═════ DATA EXTRACT ═════

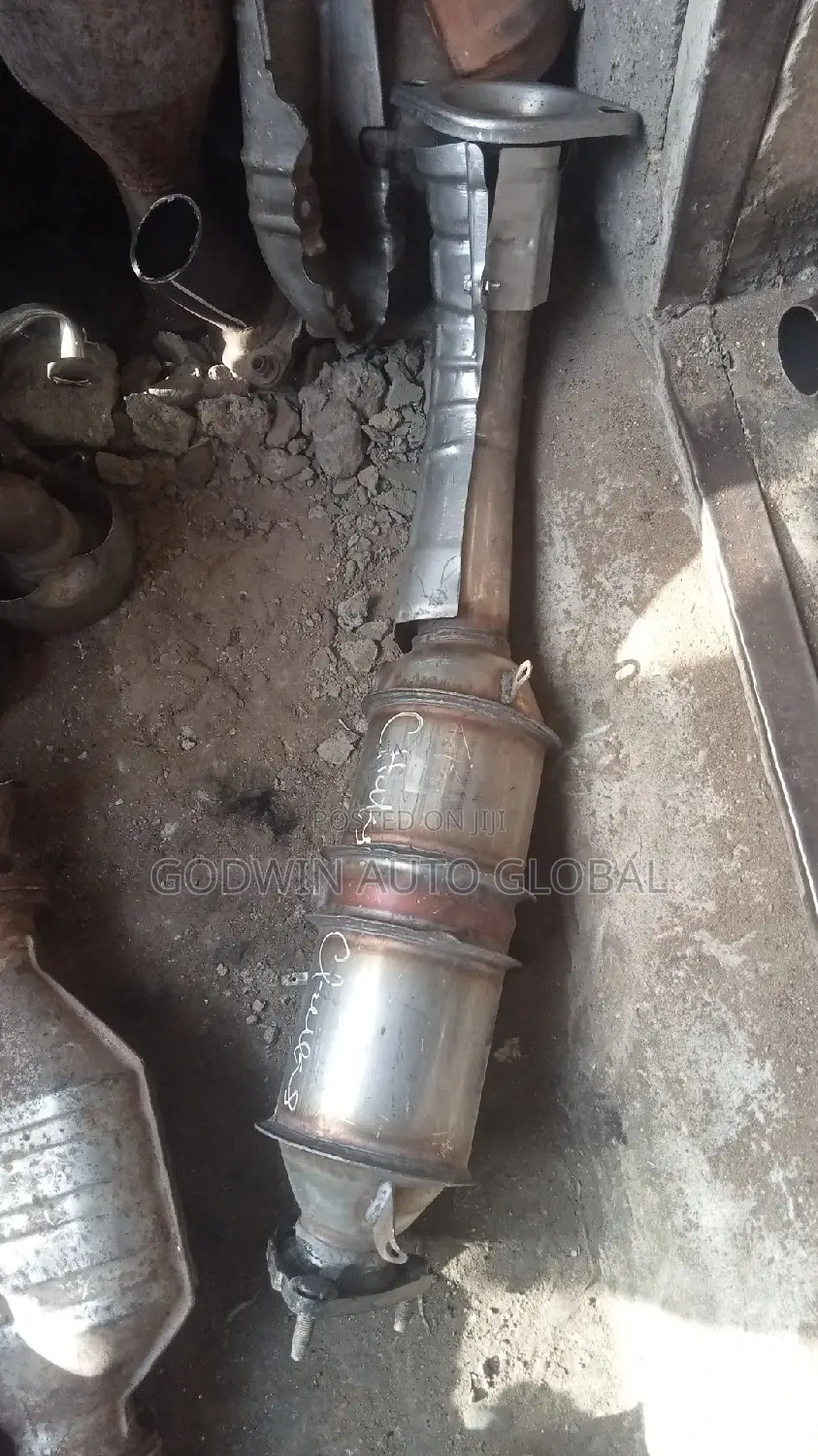 Catalyst Converter Honda Crv 05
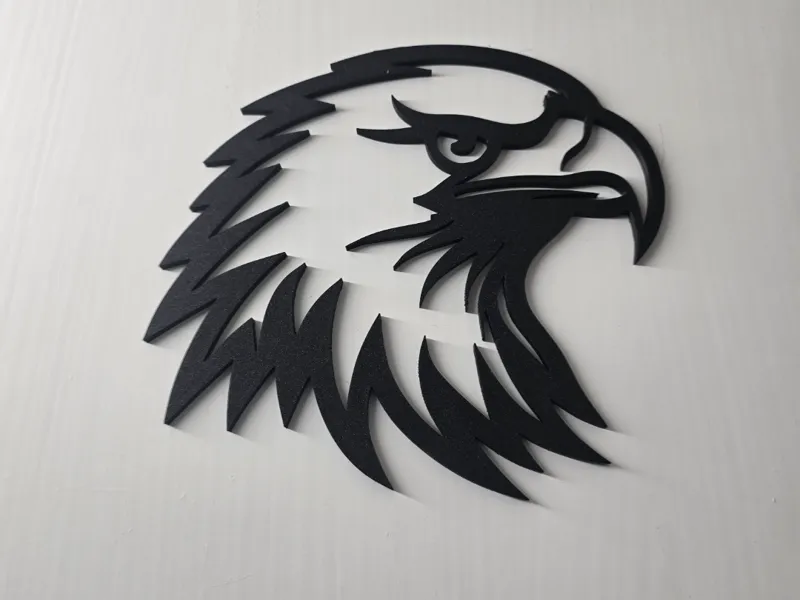 eagle wall art
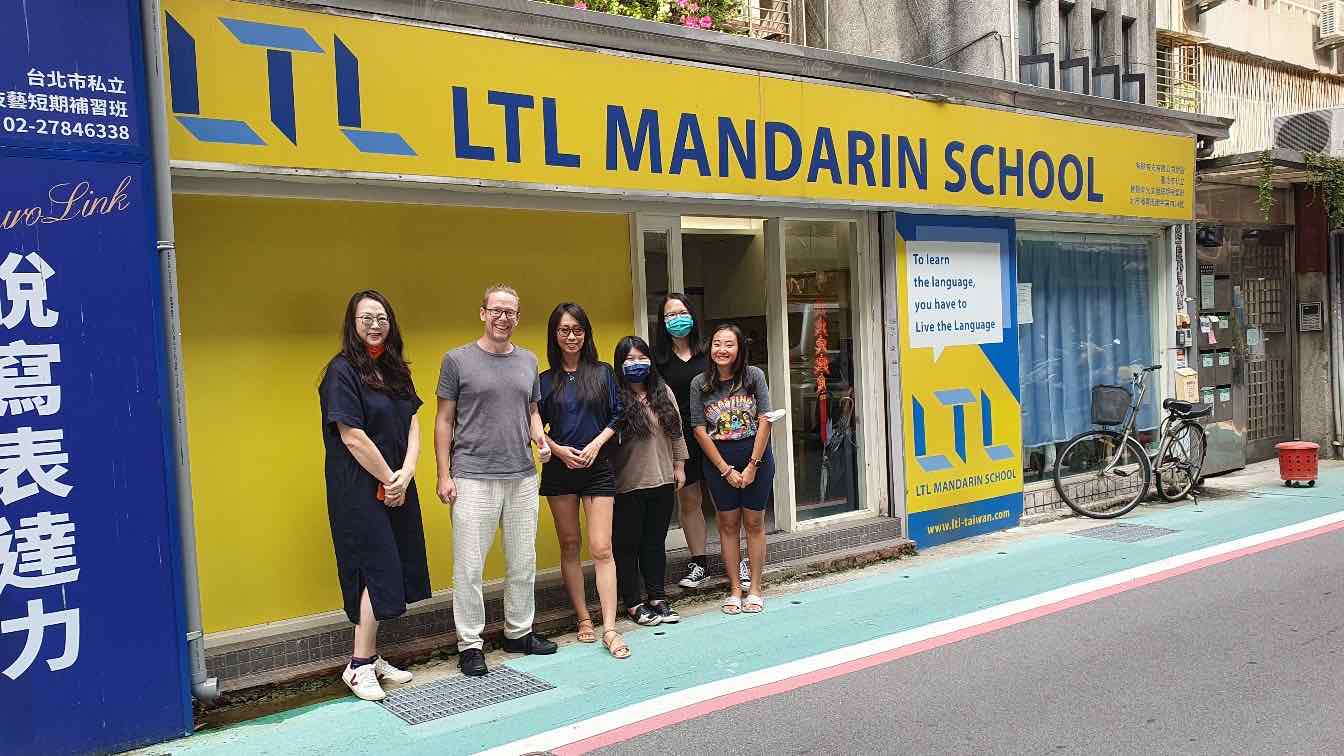 LTL Taiwan School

═════

Every line of the data above is to be set down exactly; the pictures are not.

§ **TASK RESPONSE**
 Catalyst Converter Honda Crv 05
 eagle wall art
 LTL Taiwan School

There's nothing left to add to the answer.